You all know this story. The Disneyfication of Carlo Collodi’s tale of the wooden boy has long fascinated filmmakers, pushing many to try to adapt their own versions and mostly falling through the cracks. We’ve been granted two versions of the tale in 2022, with one being a horrifyingly bland offering from Disney by way of Robert Zemeckis and the other produced by Netflix and directed by Guillermo del Toro.

This is a passion project for a director that I’ve long been fond of, all the way back to seeing Pan’s Labyrinth in 2006 with no knowledge of what I was getting into. His take on the tale of the wooden boy comes to life in a format he’s never played in before, teaming up with first-time director Mark Gustafson to create a stop-motion world that feels more alive and tangible than most special effects extravaganzas I’ve seen this year. It’s luscious, built out of silicone and metal wiring rather than the wood Pinocchio is said to be carved from, and there’s so much light and life in this world of horrors and sorrow that it’s hard not to feel joy at this kind of delight.

And while most would look for a slightly darker take on the films made by Disney we are instead served something much more difficult to grapple with. Published in 1883, the original The Adventures of Pinocchio by Collodi was a moral tale about obedience that was targeted at children. Del Toro has crafted something kids can enjoy, but he’s also stuck to his guns and delivered a film that is horrifyingly stark in its depiction of fascism as it rose to power in Italy under the boot of Benito Mussolini. Fascism remains the director’s greatest fear, one that he continues to grapple with as he works his way through horrors and romances alike, but Pinocchio does perhaps the most frighteningly blunt work he could possibly have offered. Whether skewering parasocial relationships/politician worship, child soldiers being taught that war is a game they can win, or merely the abuse offered as love by those who believe themselves superior, Del Toro never shies away from his talent for mixing a message with those delightfully upsetting and whimsical images we all came to love him for.

Those visuals are perfectly rendered through the stop-motion work. Animation is complicated and difficult, often taking years to produce, but what Del Toro and Gustafson have created here is nothing short of stunning. Voice actors are only one part of the performance and there’s a marvelous job done by all, but the true star of Pinocchio is the animation team.
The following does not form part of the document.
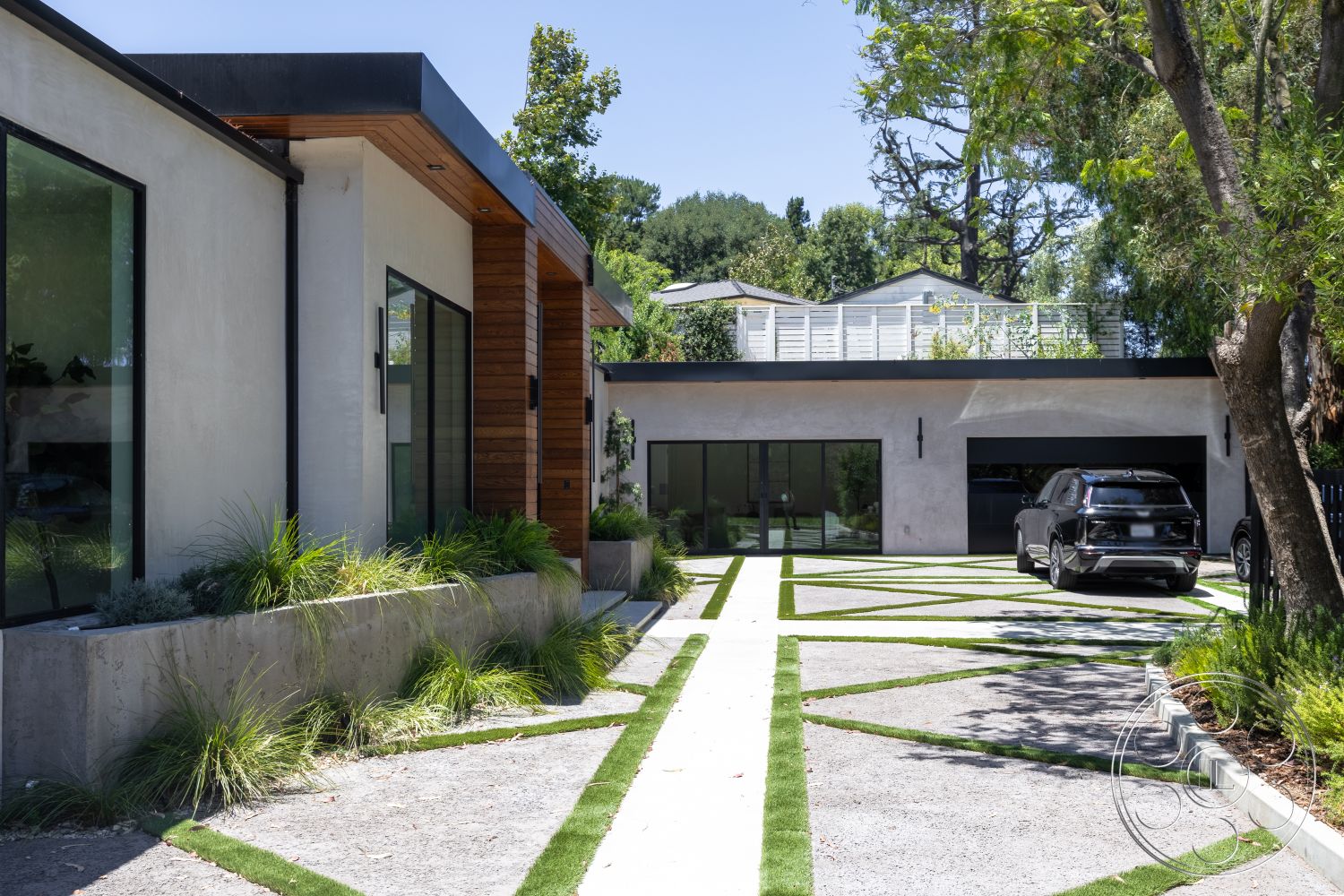 Canyon House - exterior, concrete driveway, modern garage door, flat roof design, landscaped garden beds, minimalist architectural style, large black-framed windows, concrete planter wall, light gray stucco walls, natural wood siding accents, striped grass detailing, native shrubs and grasses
When Geppetto (David Bradley) loses his son you feel it, his cries of agony paired perfectly well with an animate object that feels both of this world and another. His wooden second son is another matter altogether, put together by the drunken toy master in the dark of night after a severe bout of sorrow and regretted immediately on the morrow when the thing rises to life. Pinocchio (Gregory Mann) moves like the cobbled-together creature he is, more akin to Sadako or Kayako than any Disney design, but there’s a sweetness to the rambunctious and curious little kid. He’s kind and open, frightened and loving, and often all of these at the same time with an expressive face that’s as endearing as it is off-putting. His fragility is marked by multiple instances of damage and threat, with the boy constantly in danger and yet rakishly dashing ahead into any fray without always understanding what he’s doing. Ewan McGregor’s take on Sebastian J. Cricket is perhaps the most fun performance in the film, serving as both a counter to the ecumenical stances on morality (that align heavily with the fascism rising in Italy at that time) and comic relief. These great voice performances are joined by Christoph Waltz as the wicked Count Volpe, the villain of the film, Tilda Swinton as a creature of unknowable magic, Ron Perlman as a father that cannot decide if he loves supremacy or his son, and just for kicks Cate Blanchett as Spazzatura the monkey. All of these performances, from the animation team to the voice actors, come together to create a dynamic and thoroughly rousing film experience.

Music has always been key to the story, whether it be Geppetto singing to his wooden son with his accordion or the Disney weaponization of “When You Wish Upon a Star.” Alexandre Desplat returns to the del Toro fold after an absence for Nightmare Alley. Challenging himself to only use wooden instruments, the composer has drawn up a series of original songs as well as a score and it might be one of the best offerings of his career. It’s whimsical and not unlike his work on del Toro’s last film, The Shape of Water, but there’s a wide-eyed sincerity this time around and it carries on to become something wholly worthwhile in a film full of wonders.

It’s such a sad thing that Netflix picked this up. Its brief theatrical run will sadly be missed by most, but for those paying attention, you may find that it’s playing briefly in your area. I urge you to see it in a theater, allowing the way this is put together to really sink in and let you marinate in it. This could go down as one of the director’s best films, and I think it deserves to be seen the way he hoped it would be.

Pinocchio is currently playing in select theatres, followed by a Netflix release on December 9th.